Мы с ним начали дружить, как парень с девушкой, только с девятого класса, хотя все время были вчетвером. Так ссорились без конца. И все из-за него. То он в какое-то училище без меня на танцы убежал, то провожать, кого-то пошел, то на вечере в школе других девчонок приглашает. Мне обидно, я вижу, что Стас от Иринки не отходит. А ведь за ним тоже очень много девчонок увивалось. Но это же кремень. Ирка далеко не самая красивая девушка была, но вот для него она была самая, самая.
Я после школы уехала учиться в Тюмень. Поступила в пединститут на иняз, а Шурик вместе со Стасом в нашем городе остались. Ох, уж он до армии-то погулял, мне рассказывали. Я приеду на каникулы он со мной, ну, а коли, ему от меня ничего не откалывается, так как уезжаю, он фестивалит напропалую. Удивляюсь, как ему еще не родил никто.

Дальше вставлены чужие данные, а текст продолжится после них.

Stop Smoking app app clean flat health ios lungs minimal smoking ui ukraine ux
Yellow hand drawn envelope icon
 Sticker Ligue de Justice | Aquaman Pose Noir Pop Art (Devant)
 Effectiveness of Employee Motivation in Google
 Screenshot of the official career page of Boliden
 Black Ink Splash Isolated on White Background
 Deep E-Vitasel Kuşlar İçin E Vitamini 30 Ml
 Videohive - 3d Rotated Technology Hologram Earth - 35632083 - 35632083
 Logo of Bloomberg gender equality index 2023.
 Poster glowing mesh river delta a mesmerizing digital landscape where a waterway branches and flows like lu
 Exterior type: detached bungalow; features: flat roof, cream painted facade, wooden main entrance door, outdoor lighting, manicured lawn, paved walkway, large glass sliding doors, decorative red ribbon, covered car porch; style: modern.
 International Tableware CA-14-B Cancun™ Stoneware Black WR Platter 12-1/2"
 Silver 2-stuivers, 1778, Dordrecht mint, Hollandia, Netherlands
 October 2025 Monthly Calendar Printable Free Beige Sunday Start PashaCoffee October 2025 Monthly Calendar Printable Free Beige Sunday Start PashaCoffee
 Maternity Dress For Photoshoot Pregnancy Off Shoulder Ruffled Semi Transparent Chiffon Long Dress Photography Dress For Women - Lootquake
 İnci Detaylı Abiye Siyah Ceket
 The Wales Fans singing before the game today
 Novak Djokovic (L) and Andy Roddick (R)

Правда, когда их забрали в армию, он мне очень часто писал, прощения просил за причиненные мне обиды, а перед дембелем прямо в письме сделал мне предложение. Мы с ним поженились, родили двух ребятишек, а одна из его бывших подружек все равно не давала ему проходу. Каждый день письма писала и на работу ему приносила. Так ведь мы из-за нее чуть не развелись.
— Вот как?
— Да, Лена, было дело. Он и сейчас красавец-мужик, а в молодости был — глаз не оторвать. У меня ребятишки погодки, считай, две беременности подряд. Кормление, пеленки, распашонки, болезни, сама знаешь. Правда, ничего не скажу, он и пеленки стирал, и помогал мне во всем, честно говоря, делал все, что я прикажу.
А мне в то время было не до него. Он ко мне с ласками, а я все отстань, да не хочу. Вот и дождалась. Сыну два года с небольшим было, дочери около годика, когда мне позвонила "доброжелательница" и сообщила, что Шура мой сегодня встречается с женщиной на второй квартире Стаса. Тот был в это время в командировке, но я зашла к нему домой, ключи у меня всегда были, нашла ключ от его второй квартиры, ребятишек оставила с мамой и нагрянула в самый интересный момент.
Дверь ключом открыла, а они и не услышали. Играла музыка и любовь была в самом разгаре. Он был с той самой девицей, которая завалила его письмами. Ну, сама понимаешь мое состояние.
Короче, Стас вернулся, а Шура у него живет. Пришли они оба ко мне, принесли отцовский офицерский ремень, встали на колени и сказали: "Бей, сколько сил есть, только прости". Я их, конечно, выставила и подала на развод. Не жили мы с Шурой три месяца.
Кроме моральной травмы, я еще и физическую испытывала. Т. е. поняла, как много мне Шурка помогал, и без него ни с чем не могла справиться. Правда воду, конечно, они мне таскали и вытаскивали, у меня ведь стирка каждый день. Но, ни на какие уговоры я не поддавалась.
Эти два хитреца обработали сначала мою маму, которая, кстати, очень любила зятя. Потом поговорили с судьей, которая жила в соседнем доме и знала их обоих, как облупленных.
Между прочим, и Стаса, и Шуру все соседки ставили в пример своим мужьям. Мужики не пьют, с детьми все время гуляют, ковры выбивают, белье развешивают, и даже окна моют. Мой, конечно, кое-что из этого и не делал бы, но когда Стас остался один, то тому невольно пришлось всему научиться, и Шурка за компанию.
На суде Шурик заявил, что не под каким предлогом развода мне не даст. Не моргнув глазом, поведал всем, что в последнее время я его, вообще, к телу не подпускала. В общем, и покаялся, и пожалился. Нас тогда, конечно, не развели и дали шесть месяцев на размышление.
Стас показывал своего сына врачам и в Тюмени, и в Москве. Ему сказали, что мальчик заговорит, но для этого ему надо пережить сильное волнение или потрясение. Оболенский очень переживал за сына. Тому пора уже было идти в школу, а т. к. мальчик не говорил, то он даже в садик не ходил.